Before I started to read this book I heard some refreshing stuff from this young man on Speaking of Faith. I have also heard of him in association with and talking about New Monastics and his movement within those who seek to live a life after Christ.
I was excited by what he said!
So I listened more about him when it was convenient.
Eventually after being on hold for his book from the library I got it. But I didn't read it right away because the lustre had already started to fade on what he was saying.
So is my experience so far reading his book.
I recommend the book. It is just such a wonderful breath of fresh air. It is like a window thrown open in a stuffy old church, and it is just, just really needed.

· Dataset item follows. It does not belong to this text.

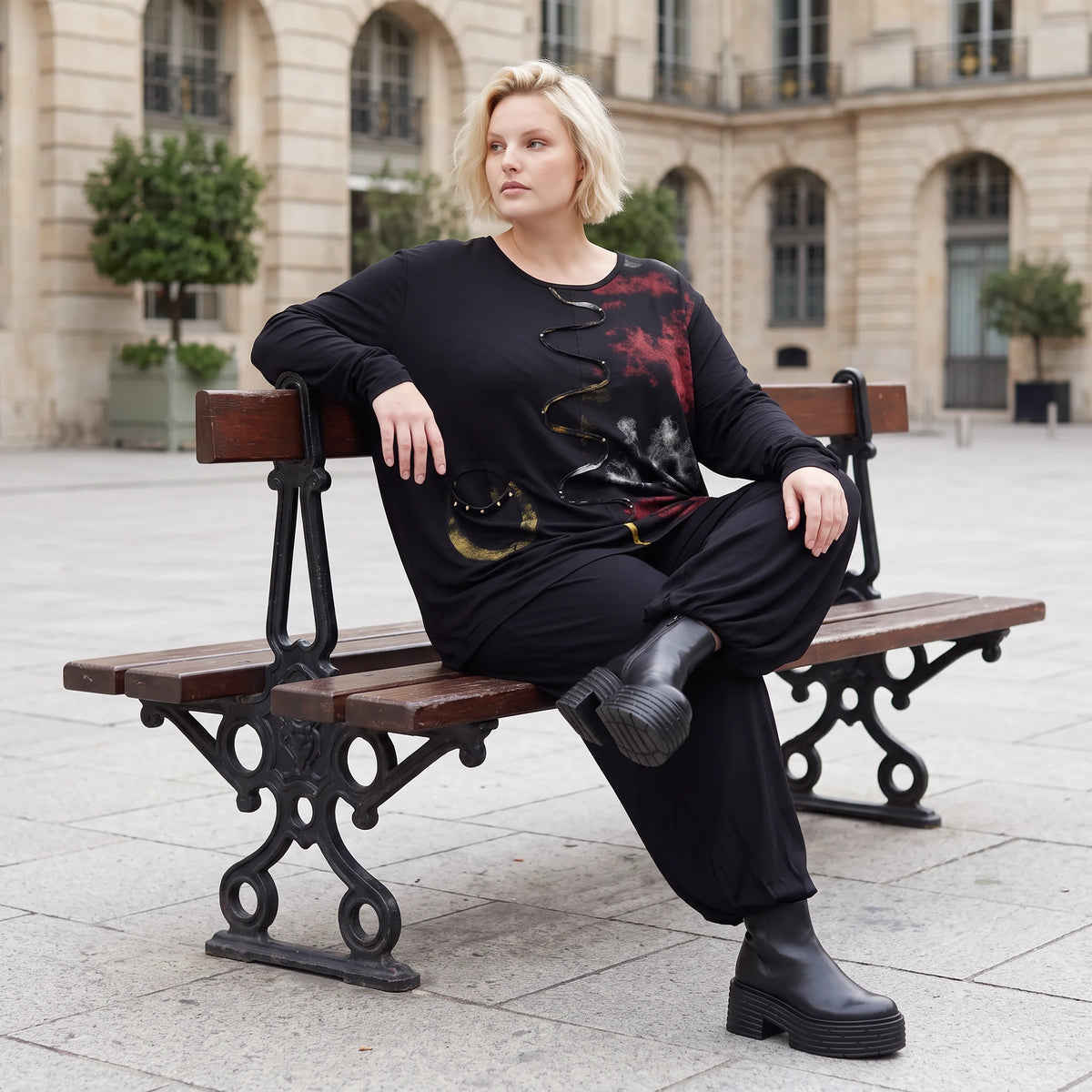 Langarmshirt aus Viskosejersey in Schwarz/Rosa mit geradem Schnitt und Stretchkomfort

He does advocate a rather radical approach to showing Christ. And thank God for that! He says go feed the poor, help your neighbor, help out in your community and just do it. He doesn't say volunteer at church, although there is nothing wrong with that, but having spent a summer in Calcutta he is coming back preaching some real on the ground Mother Teresa stuff. Love it.
But his audience seems to be largely for um, college kids. For those of us with kids and a house, the idea of moving into a large house with a bunch of other families just seems really, really, well first of all unrealistic. Certainly there is a way to play out what he is talking about without actually "taking a war machine and beating it into a plow" like his website recommends.
And so my thoughts these days are focusing all around how to take this revolutionary and exciting and severe message and make it a reality in our family.
There are things that can be done. Many things. Cutting down on consumption by buying used. Making sure to be proactive in helping out in our communities. Educating our kids about service. Being in ministry in every little aspect of our lives, whether it is in traffic or at the store.
But Shane calls for a much more radical approach. And therein lies the tension. He advocates not giving money to charities but to find the poor and give to them where they are. I think I understand his point which is don't just throw money, but make charity a part of your life, not just a part of your bills. I understand and agree with that. I am still going to give money to local charities.
His book is easy to read, it is inspiring. I am not a 20 something year old college kid anymore, but I think that had I found this book when I was, my choices may have been different. That doesn't mean I regret anything, I have a deeply satisfying life. And now I guess I feel compelled to not just think that if I pay my tithe, I am done, but to figure out other ways I can positively live this out.
He calls it The Simple Way, but in the same way that we can't all move to Calcutta and serve in the Khaligat (The home for dying and destitute that Mother Teresa runs), it gets complicated. I couldn't figure out what to think when recently OPB went to a food bank and interviewed a recently unemployed guy as he was going home after getting food. They asked him about the very fancy truck he was getting into with his food bank food. He said he hoped he wouldn't have to sell it.
In this life we cannot do great things. We can only do small things with great love.
Furthermore, how does one live the Simple Way with very young children? I guess we wait until young Mr. Claiborne has kids (if he does have them) and he writes a book about that.
In the meantime, I am excited, he is coming to Newberg! Bauman Auditorium on February 7 at 10 am.